The renovation comes from a re-reading of classics, like braised lamb with organic wild rice, or traditional rice with goat milk jam. “The idea is to incorporate the new while never forgetting the old Buenos Aires of Milanese recipes, locro, and our very characteristic pizza,” he explains.

Following Fialayre’s tips, the road takes us to the city center, more precisely to Pizzería Güerrín. The ambience couldn’t be less pretentious, with blue tiled walls and paper napkins that remind us of the year it was established, 1932. Movement in this pizzeria is intense all around the clock. Here, more than a 100 options translate this Italian classic into a very Argentine style.
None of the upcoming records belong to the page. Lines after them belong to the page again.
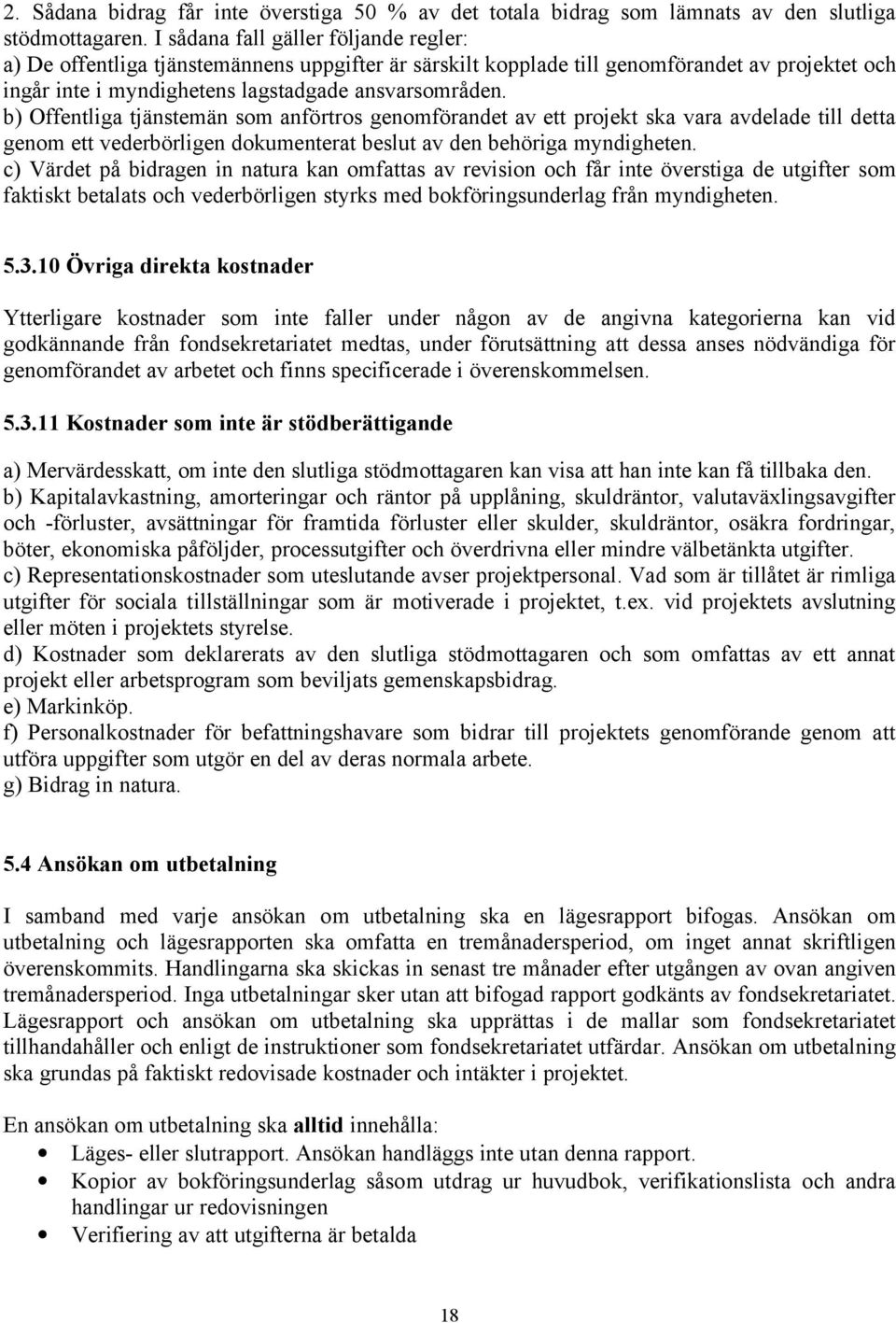 b) Offentliga tjänstemän som anförtros genomförandet av ett projekt ska vara avdelade till detta genom ett vederbörligen dokumenterat beslut av den behöriga myndigheten.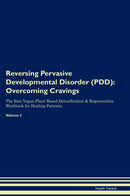 Reversing Pervasive Developmental Disorder (PDD): Overcoming Cravings The Raw Vegan Plant-Based Detoxification & Regeneration Workbook for Healing Patients. Volume 3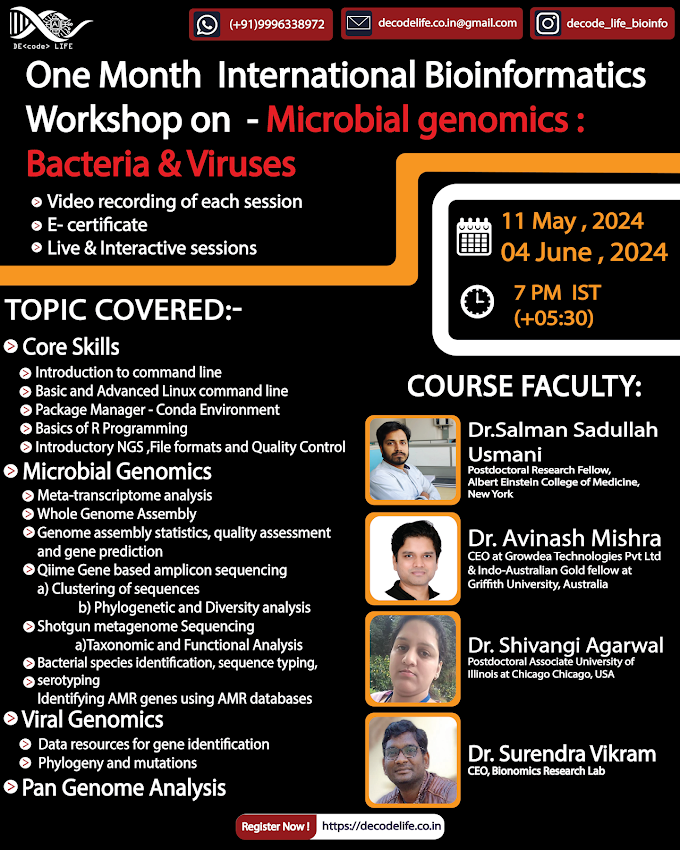 One Month International Workshop on - Microbial Genomics - Bacteria & Viruses - by Decode Life.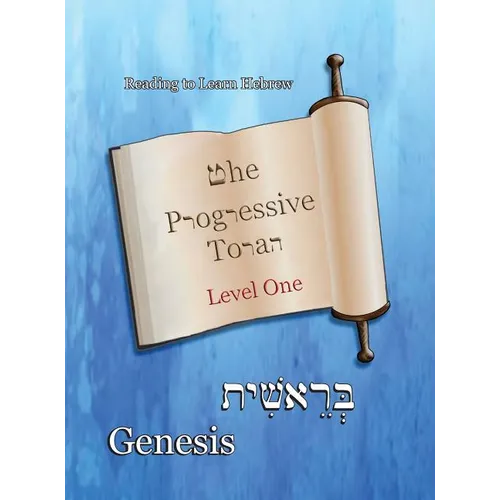 The Progressive Torah: Level One Genesis: Color Edition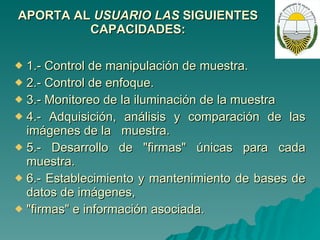 APORTA AL  USUARIO LAS  SIGUIENTES CAPACIDADES: 1.- Control de manipulación de muestra. 2.- Control de enfoque. 3.- Monitoreo de la iluminación de la muestra 4.- Adquisición, análisis y comparación de las imágenes de la  muestra. 5.- Desarrollo de "firmas" únicas para cada muestra. 6.- Establecimiento y mantenimiento de bases de datos de imágenes, "firmas" e información asociada. 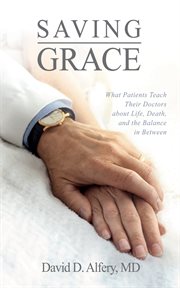 Saving grace : What Patients Teach Their Doctors about Life, Death, and the Balance in Between cover image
A native of the boot country, chef and TV host Donato de Santis isn’t worried about this appropriation: “Argentine pizzerias are almost as present as grills,” says this Italian who has been living in Buenos Aires since 2000. His advice is to try the options at Hell’s Pizza, a place that adds an American atmosphere to this very charged Italian-Argentine ambience.

 

Güerrín: Corrientes 1368

Hell's Pizza: Humboldt 1654

 

Since the day he arrived, De Santis has been a witness of the evolution that transformed Buenos Aires and Argentina into a food reference.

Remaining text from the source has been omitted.